Execute a guardrails-first Terraform workflow:

plan with explicit output artifact
review and validate intent
apply only from reviewed planfile
verify resulting state

Guardrail companion:

review-checklist.md (must be completed before apply)
drift-playbook.md (required when drift is detected)

Prerequisites

Terraform installed
pre-commit installed and hooks configured (make install-hooks)
Access to the target Terraform directory
Required environment variables/secrets for the selected environment
scripts/guard-terraform-plan.sh available and executable

Target Options

Choose one:

Local: infra/terraform/kind_cluster
Hetzner: infra/terraform/hcloud_cluster

Examples below use Hetzner path.

Step 1: Context and Scope Check

Confirm you are in the correct repo and directory:

pwd
ls -la

Expected:

path ends with sre/
Terraform target directory exists

Run local IaC guardrails before creating a plan:

pre-commit run terraform-fmt --all-files
pre-commit run terraform-validate --all-files
pre-commit run terraform-security --all-files
pre-commit run flux-kustomize-validate --all-files

Step 2: Generate a Planfile (Guarded)

scripts/guard-terraform-plan.sh plan \
  --dir infra/terraform/hcloud_cluster \
  --out tfplan

Expected output includes:

plan created: <workdir>/tfplan
metadata created: <workdir>/tfplan.meta

Step 3: Review Plan Before Apply

terraform -chdir=infra/terraform/hcloud_cluster show tfplan

Now complete review-checklist.md and attach it to PR/review notes.

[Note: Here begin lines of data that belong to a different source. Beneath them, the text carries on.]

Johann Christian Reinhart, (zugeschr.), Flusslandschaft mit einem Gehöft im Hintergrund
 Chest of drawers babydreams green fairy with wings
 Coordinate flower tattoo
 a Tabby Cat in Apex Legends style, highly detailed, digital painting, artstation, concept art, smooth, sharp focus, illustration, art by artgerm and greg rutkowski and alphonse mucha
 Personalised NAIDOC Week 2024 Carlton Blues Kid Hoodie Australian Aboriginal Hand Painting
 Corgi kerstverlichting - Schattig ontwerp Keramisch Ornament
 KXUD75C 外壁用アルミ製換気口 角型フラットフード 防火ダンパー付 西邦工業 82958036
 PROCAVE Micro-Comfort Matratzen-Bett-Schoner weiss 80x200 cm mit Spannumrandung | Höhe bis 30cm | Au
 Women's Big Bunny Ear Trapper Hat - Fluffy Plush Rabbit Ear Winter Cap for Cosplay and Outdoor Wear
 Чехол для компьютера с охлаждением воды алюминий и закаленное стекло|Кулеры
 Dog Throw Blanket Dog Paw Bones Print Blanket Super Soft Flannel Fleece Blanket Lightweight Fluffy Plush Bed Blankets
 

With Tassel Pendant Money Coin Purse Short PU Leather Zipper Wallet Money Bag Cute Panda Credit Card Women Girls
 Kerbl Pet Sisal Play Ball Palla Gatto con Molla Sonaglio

Hard stop conditions (do not apply):

Any unexpected destroy action.
Changes to unrelated modules/resources.
Environment mismatch (wrong account/cluster/namespace assumptions).
Planfile older than policy window for this change.

Step 4: Apply Only the Reviewed Planfile

scripts/guard-terraform-plan.sh apply \
  --dir infra/terraform/hcloud_cluster \
  --out tfplan \
  --max-age-minutes 60

Expected:

Apply runs only if tfplan and tfplan.meta are present and fresh.
If stale/missing metadata, script blocks apply with explicit error.
Apply must happen only after signed-off checklist completion.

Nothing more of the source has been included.